Prosecutors are increasingly utilizing artists' artistic expression against them in courtrooms throughout America, which is troublingly common. Rappers are storytellers that build whole universes full of fascinating characters that can play both the hero and the evil. Rap lyrics, however, are effectively being utilized as confessions in an effort to criminalize Black innovation and artistry more than any other kind of art.
Young Thug at the 2021 Lollapalooza festival. Photograph: Amy Harris/Invision/AP
The letter makes reference to accusations made against Young Thug (real name Jeffery Lamar Williams) and other employees of his record company, Young Stoner Life. The rapper's lyrics were included in an indictment in May for possible gang affiliation and other crimes since they were said to be "an overt act in support of this conspiracy." Label colleague Gunna's lyrics were cited for the same offense.

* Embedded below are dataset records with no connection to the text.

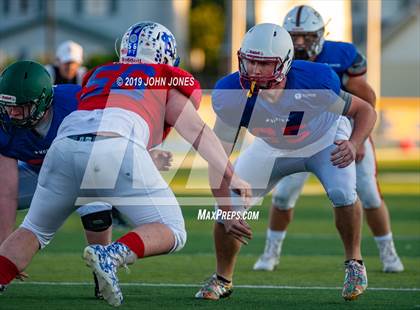 Thumbnail 2 in Bergen County All-Star Classic photogallery.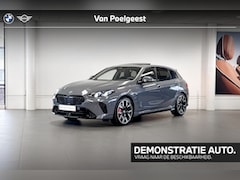 BMW 1-serie - 120 M Sport Design Edition | Glazen Panoramadak | Harman Kardon | Stoelverwarming | Trekha
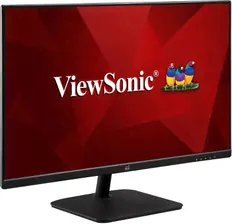 Монитор 27" Viewsonic VA2732-H IPS FHD D-Sub, HDMI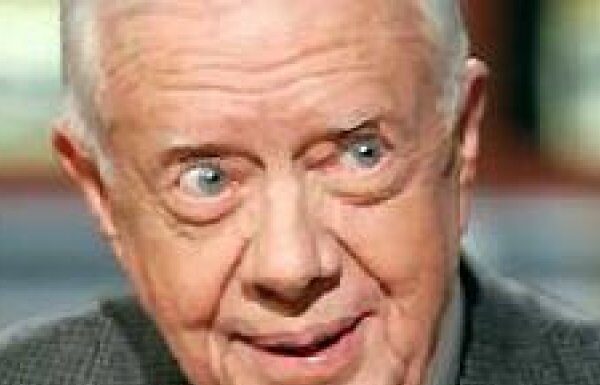 Jimmy Carter Leaves Southern Baptists Over Women’s Rights Dispute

Both performers are still in custody pending their trials after entering not guilty pleas. If freed, they may intimidate witnesses, the prosecution has warned.
The letter continues, "The use of lyrics against artists in this way is un-American and simply wrong," citing the "obvious disregard" for free speech and the right to express one's ideas that are guaranteed by the first amendment as well as the potential to further stigmatize marginalized groups and their narratives.
2 Chainz, Christina Aguilera, Travis Scott, John Legend, Killer Mike, and Mary J. Blige are other signatories.
In January, musicians like Jay-Z, Kelly Rowland, and Meek Mill advocated against the use of rap lyrics as evidence in court cases.
State senators Brad Hoylman and Jamaal Bailey originally introduced the modification to the law in New York state in November of last year. They aimed to prevent prosecutors from employing the tactic unless there was "clear and persuasive evidence" of a connection between lyrics and a crime.
Gavin Newsom, the former governor of California, already restricted the practice.
Similar controversy surrounds the use of rap lyrics in court in the UK. Unknown T, a drill rapper, was charged with murder; the prosecution tried to utilize his lyrics as evidence; the court denied this, and in 2020, the rapper was found not guilty. Digga D, a drill rapper with nine Top 40 songs, was issued a criminal behavior order in 2018 that forbids him from utilizing certain names, places, and topics in his rhymes.